China has moved to secure a foothold in Argentina’s nascent PV market following the announcement of a 3 GW solar plan by President Mauricio Macri. A consortium of Power China, Shanghai Electric and Argentinean state-owned Jujuy Energía y Minería Sociedad del Estado was awarded an initial project 300 MW of solar within a week of the 3 GW solar target being unveiled. Although it is unclear from local reports, it seems likely the Chinese plant will be located in the northern community of La Quiaca, on the border with Bolivia.
In an official act with Macri this month Jujuy governor Gerardo Morales said La Quiaca would be the site of province’s first solar plant. It is due to enter operation next year. Morales also confirmed plans for a 500 kW plant in Catua and another in Toro, both in the west of the province. He cited Quebrada de Humahuaca, in the north, as another likely site for solar development. Morales said the regional government was preparing an auction for further capacity, but did not give further details.
The 3 GW target, announced this month in Jujuy, the northernmost province in the nation, forms part of the Argentinean government’s 10-year Plan Belgrano to invest USD$16 billion in infrastructure projects across Argentina’s northern provinces.
Jujuy forms part of the Puna high desert region, with less than 200 mm of rainfall a year and high solar resource.
Macri, who has been talking up the benefits of renewable energy following his election by a narrow margin last December, said further solar development was being considered in Mendoza province, in the mid-west of the country. The unveiling of solar targets follows the approval last year of a renewable energy law that aims to increase the penetration of renewables to 8% by 2017 and 20% by 2025.
Wind and solar accounted for just 0.2% of total generation in 2015, according to figures from the Argentinean Electricity Development Foundation (Fundación para el Desarrollo Electrico). Fossil-fuel generation accounted for 63.9% of Argentina’s energy mix in 2015, with hydro adding a further 29.6% and nuclear 4.9%. The country imports about 1% of its power, with Jujuy currently buying around 200 MW a year from Chile, Morales said. Argentina has around 10 MW of solar installed so far.

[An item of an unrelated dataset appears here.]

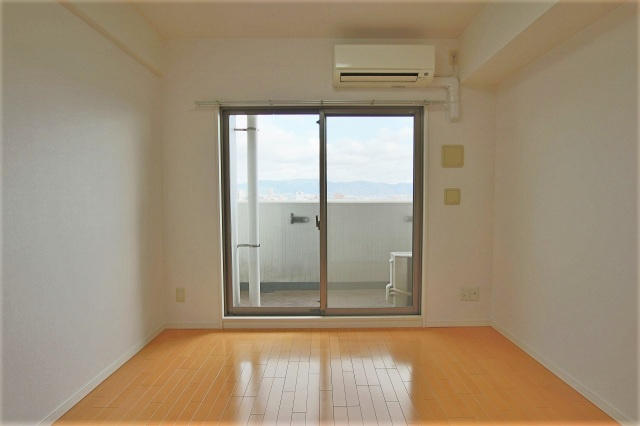 CASSIA高井田NorthCourtの寝室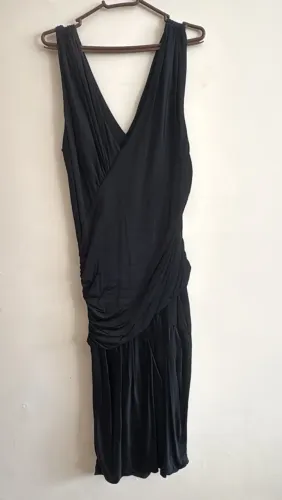 Vestido preto midi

But while the call for gigawatt-scale development looks good on paper it remains to be seen which foreign developers will be attracted to the market.
Chinese companies could be well placed to pick up early bids because China has a strategic interest in the region, where it is securing resources, allies, and clients taking a long-term, calculated risk. China’s foreign strategy could be enough to override concerns about Argentina’s erratic economy. Shanghai Electric, for example, is one of a number of Chinese firms looking to benefit from a possible nuclear reactor deal with Argentina in 2017, according to World Nuclear News.
Beside China, Europe is Argentina's largest trade partner after Brazil, accounting for more than 16% of total Argentine trade (for a value € 18.3 billion). The United States also share mutually-beneficial trade relationship with Argentina, for total trade in goods reaching $14.8 billion in 2013.
While in the short term Argentina, according to Tyler Ogden, research associate at Lux Research, “ is going to remain a relatively small, niche market” mostly attracting developers with strong Latin American experience that want to diversify across the region, “The government is sending clear signals that they do want to support projects” in Latin America's third-largest power market.